You need to tell him what you've told us. Tell him you are looking for fun and hope he didn't base his decision to move on you. Tell him you are not interested in making a commitment.

Take it from someone who's much older. When someone asks you a loaded question, like, have you met someone young and hot?, answer with another question, like, why do you ask?, or, not yet, but I'm spending all my time looking.

By the way, you're English is great.
 
you're English is great.

Hihihi on that one :P

gulfer, you live your life the way you want, but it´s possible you may have sended mixed signals. Talk with him as soon as possible and tell him what you told us here.

Congrats on living your life before settling down. You need to know what you want later in life!
 
Your english is great as far as I see :)

You should tell him about your intentions and that you are not thinking of relationships for now.
Good luck :)
 
I probably have sent mixed signals. I have told that I have a crush on him, but I have never "unsaid" it. So he doesn't know how I feel now.

Take it from someone who's much older. When someone asks you a loaded question, like, have you met someone young and hot?, answer with another question, like, why do you ask?, or, not yet, but I'm spending all my time looking.

I think it's better to let him know that I don't want to be in relationship at all right now. If I said that I'm trying to find a boyfriend, wouldn't that give him hope that he could be it?

I just wish there would be a good moment to tell him how I feel. It would feel to harsh to tell it via Skype or in phone conversation, but on the other hand it would be better if he knew the truth before he moves here. He'll move here next week.
 
I think being direct and honest is always the best approach because if you fear hurting him now it would be much worse if you hurt him later....that is assuming he is moving there to be close to you. I am unclear about that. Did he tell you he was moving there to be with you specifically or was it something you assumed? Maybe he wants the same thing you want? A little excitement in the city? A chance to be openly gay?
 
I think being direct and honest is always the best approach because if you fear hurting him now it would be much worse if you hurt him later....that is assuming he is moving there to be close to you. I am unclear about that. Did he tell you he was moving there to be with you specifically or was it something you assumed? Maybe he wants the same thing you want? A little excitement in the city? A chance to be openly gay?

He already is openly gay (or actually he's bisexual). And he hasn't directly said that he's moving here because of me, but he did say that now we can meet each other anytime we want. So at least he hopes that we could be together, but I don't know if that's the only reason why he's moving here.
 
He already is openly gay (or actually he's bisexual). And he hasn't directly said that he's moving here because of me, but he did say that now we can meet each other anytime we want. So at least he hopes that we could be together, but I don't know if that's the only reason why he's moving here.

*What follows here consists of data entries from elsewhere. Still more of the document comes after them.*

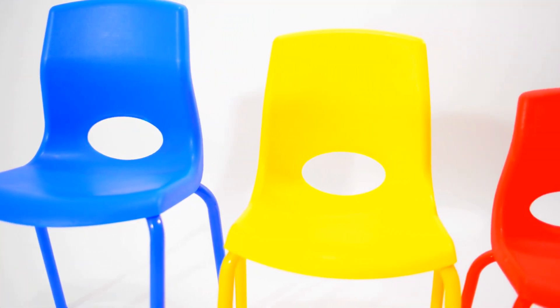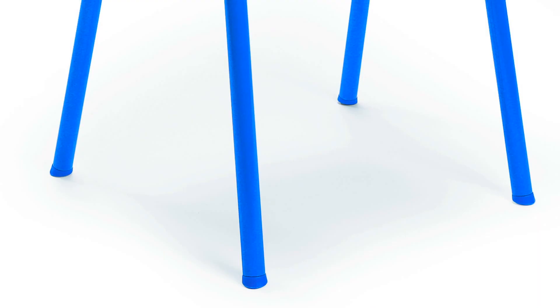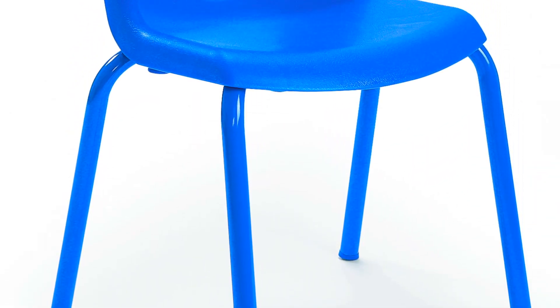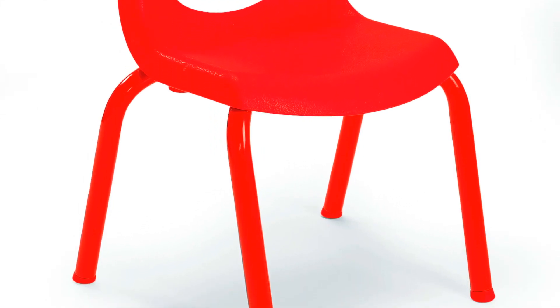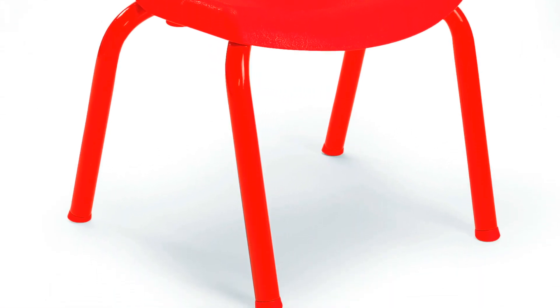The MyPosture Chair is made of polypropylene and features powder-coated 16-gauge steel legs that match the seat color. The bright colors coordinate with Angeles' BaseLine tables, and the easy-glide feet prevent noise and floor scuffing, and are completely non-marking.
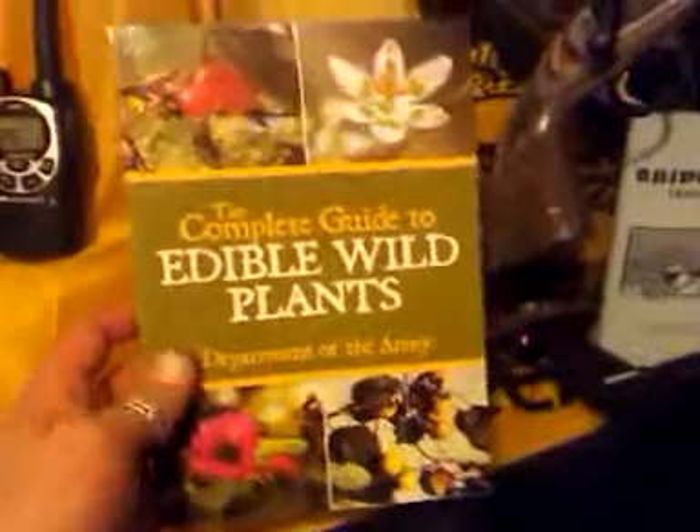I also got this new book on edibles. I haven't really gone through it too much yet, but what I have flipped through is pretty good. A lot of knowledge — it gives you the habitats, the descriptions, and it's got good colorful pictures. There's also a small section in the back on poisonous plants and what they would do to you, which I think could be to your advantage in certain situations. I think this is a very valuable book. I got it brand new for thirteen bucks. I will do another review on it once I get into it further — I just got it on Monday.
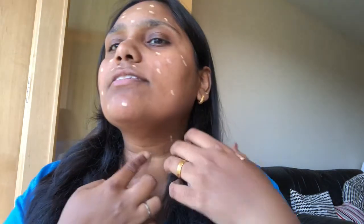First, I will apply Pond's BB Cream. I will apply face wash and moisturizer. I will apply a dot dot. I will apply a sponge for foundation. I will use it as a BB Cream.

My advice...invite him to lunch and tell him where you stand and be direct. Handling this with emotional maturity with serve you both well.
 
My advice...invite him to lunch and tell him where you stand and be direct. Handling this with emotional maturity with serve you both well.

I don't know that lunch is the best idea - the bottom line is that you need to express to him that you're "not in a relationship place right now" (that sounds better than "I want to have fun"), and while you enjoyed your time with him, see him as a friend and hope you guys can continue on as friends. Having to say that and then eat an entire bowl of pasta and dessert may be a bit too tense or awkward!

I'd take him out for coffee, if you're both in the same city at the same time, and if not, it sucks, but a phone call would be wise.